Invalid class name

Fix "Invalid class name" error in Linux/Unix scripts

Linux & Unix Beginner 👁 0 views 📅 May 25, 2026

This error shows up in Bash or Python scripts when a variable or function name breaks naming rules. Here's how to spot and fix it fast.

Quick answer: Rename your variable, function, or class so it starts with a letter or underscore, contains only letters, numbers, and underscores, and avoids any reserved keywords like if, while, or class.

Why this happens

The "Invalid class name" error usually hits when you're writing a Bash script, a Python script, or sometimes a Perl or AWK script. It's not a kernel panic or a hardware fault — it's the interpreter refusing to accept a name that breaks its rules.

I've seen this trip up beginners who name a variable 1st_choice (starts with a number) or my-var (has a dash). In Python, calling a class class or a function return will also throw this error because those are reserved words. The interpreter can't tell if you're defining a new thing or referencing the built-in command.

One real-world trigger: someone writes a Bash script to parse log files and names a variable if inside a loop. The shell sees if and tries to start a conditional statement instead of assigning a value. Boom — "Invalid class name".

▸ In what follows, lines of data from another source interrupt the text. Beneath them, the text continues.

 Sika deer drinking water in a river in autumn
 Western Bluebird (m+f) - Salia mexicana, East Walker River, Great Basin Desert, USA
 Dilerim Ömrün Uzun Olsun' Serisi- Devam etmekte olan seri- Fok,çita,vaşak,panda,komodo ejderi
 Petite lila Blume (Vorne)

How to fix it (step by step)

  1. Find the exact line causing the error. Run your script again and look at the error message. It usually says something like line 12: invalid class name. Note that line number.
  2. Open the script in a text editor. Use nano, vim, or whatever you prefer. Go to the line number from step 1.
  3. Check the name that's being defined. Look for a variable assignment (like my-var=5), a function definition (like function 123func), or a class definition (like class while).
  4. Make sure the name starts with a letter or underscore. For example, change 1st_choice to first_choice or _1st_choice. Change 123func to func123.
  5. Replace any hyphens or special characters with underscores. The only valid character besides letters and numbers is the underscore (_). So my-var becomes my_var, and data.point becomes data_point.
  6. Avoid using reserved keywords as names. In Bash, that includes if, then, else, fi, while, do, done, for, in, case, esac, function, select, until. In Python, it's False, None, True, and, as, assert, class, def, del, elif, else, except, finally, for, from, global, if, import, in, is, lambda, nonlocal, not, or, pass, raise, return, try, while, with, yield. If you used one of these, rename it to something else like my_class or condition_flag.
  7. Save the file and re-run the script. After applying the rename, run bash script.sh or python3 script.py again. The error should be gone. If it's not, check for other lines with the same problem.

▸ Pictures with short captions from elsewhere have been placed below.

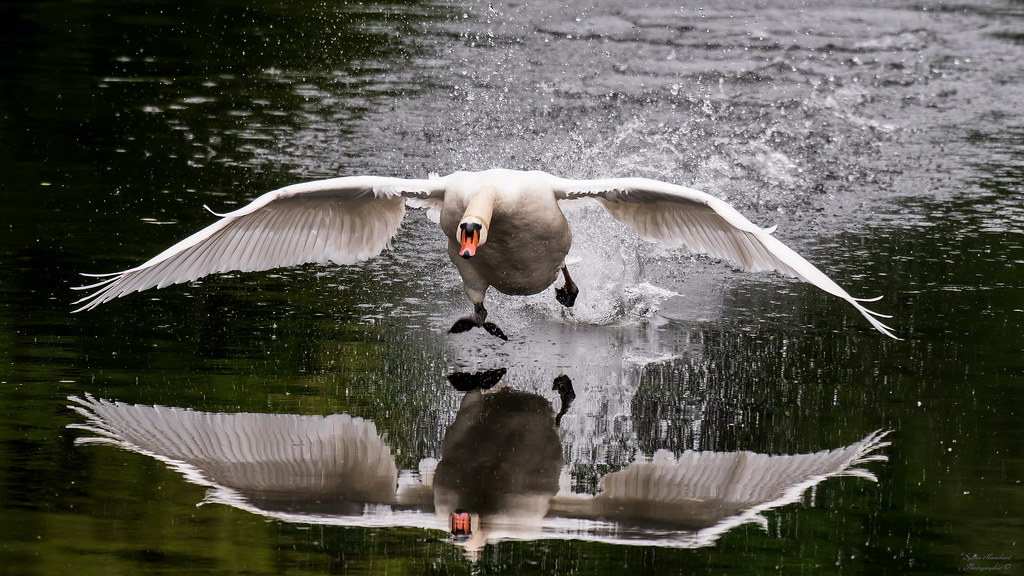 Höckerschwan - Mute Swan...☼
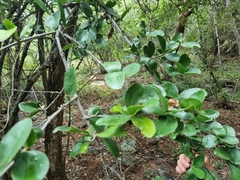 Strychnos madagascariensis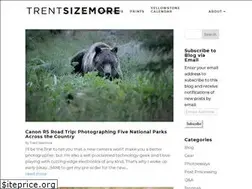 Sites similar to trentsizemore.com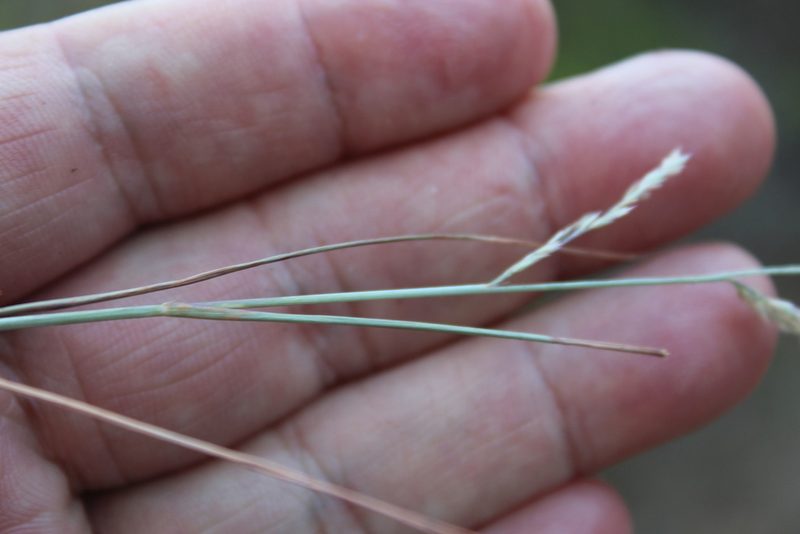 Eragrostis secundiflora, photographed by Clay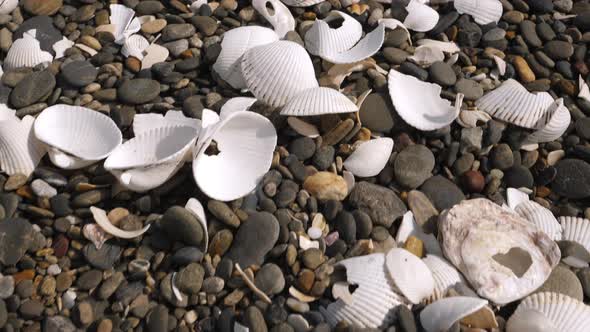 The Broken Shells on the Shore of Koijigahama Beach in Tahara Japan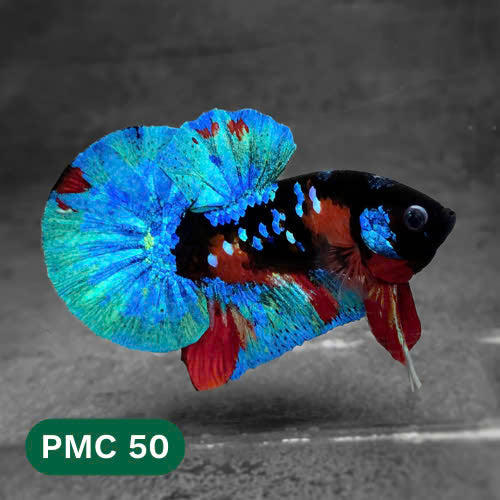 Multicolor Plakat Male Betta Fish |Show Grade|  You Pick Fish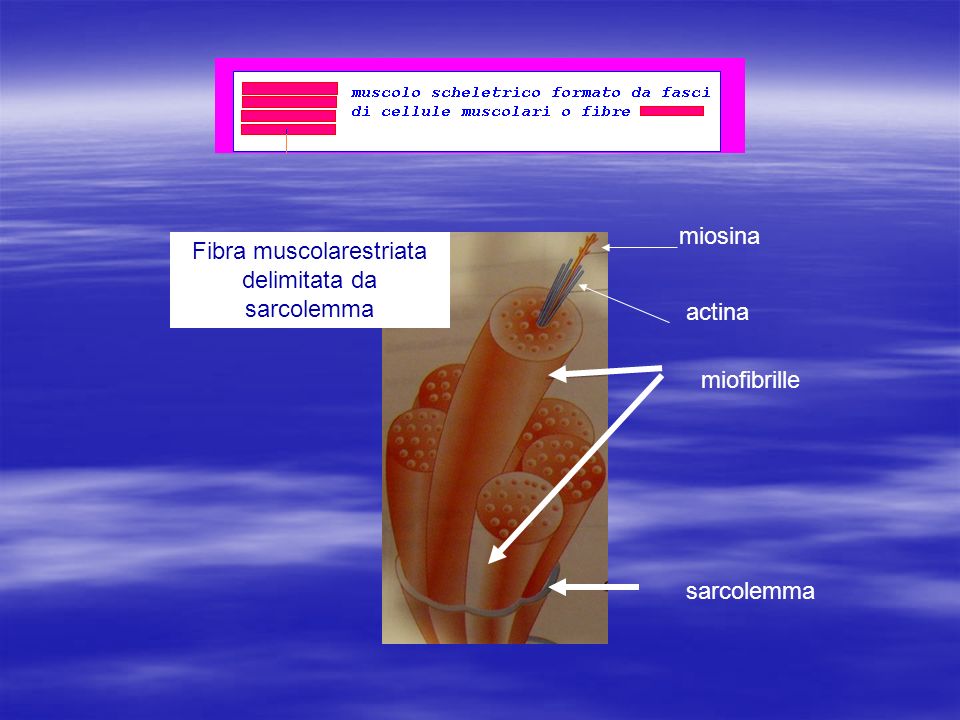 Fibra muscolarestriata delimitata da sarcolemma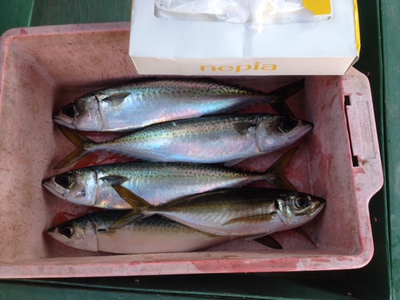 イブ丸1号船長釣果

Alternative fixes if the main one doesn't work

  • Check for hidden whitespace. Sometimes a line looks like my_var=5 but has a tab or space before it. In Bash, that can make the interpreter read the name differently. Run cat -A script.sh to see if there are ^I (tabs) or trailing spaces $ that shouldn't be there. Remove them.
  • Look at the shebang line. If your script is supposed to run in Bash but the first line says #!/bin/sh, it might use a more restrictive shell. Change it to #!/bin/bash and test again.
  • Check for mismatched quotes. A missing closing quote can make the interpreter read the next line as part of the same string, causing the name to look like my_var=hello world (with a space). That's invalid. Fix the quoting.
  • If you're using Python with a class definition that includes inheritance, make sure the parent class name is valid, too. For example, class MyClass(123base): will fail because 123base starts with a number. Rename it to something like BaseClass123.

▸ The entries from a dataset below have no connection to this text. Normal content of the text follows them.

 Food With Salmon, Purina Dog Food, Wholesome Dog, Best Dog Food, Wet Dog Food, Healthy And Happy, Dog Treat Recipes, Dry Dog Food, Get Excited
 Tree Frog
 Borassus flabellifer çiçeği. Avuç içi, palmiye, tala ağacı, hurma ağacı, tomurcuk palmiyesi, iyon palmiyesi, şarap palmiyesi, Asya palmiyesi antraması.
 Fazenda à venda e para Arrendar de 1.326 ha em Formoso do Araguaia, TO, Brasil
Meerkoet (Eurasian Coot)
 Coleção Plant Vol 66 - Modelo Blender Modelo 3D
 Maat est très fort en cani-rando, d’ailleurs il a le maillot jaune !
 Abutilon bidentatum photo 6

How to prevent this in the future

Follow these naming rules from the start and you'll never see this error again:

  • Use only letters, numbers, and underscores in names.
  • Start every name with a lowercase letter or underscore — never a number.
  • Don't use any reserved keyword as a name. Keep a list handy or use an IDE that highlights them.
  • In Bash scripts, avoid naming functions with hyphens or dots. It's common to see get-data but that won't work — use get_data instead.
  • Use comments to document what each variable or function does. That way you're less likely to reuse a keyword by accident.

That's it. Most of the time this error is just one wrong character away from a fix. Once you know the rules, you'll spot bad names before the interpreter does.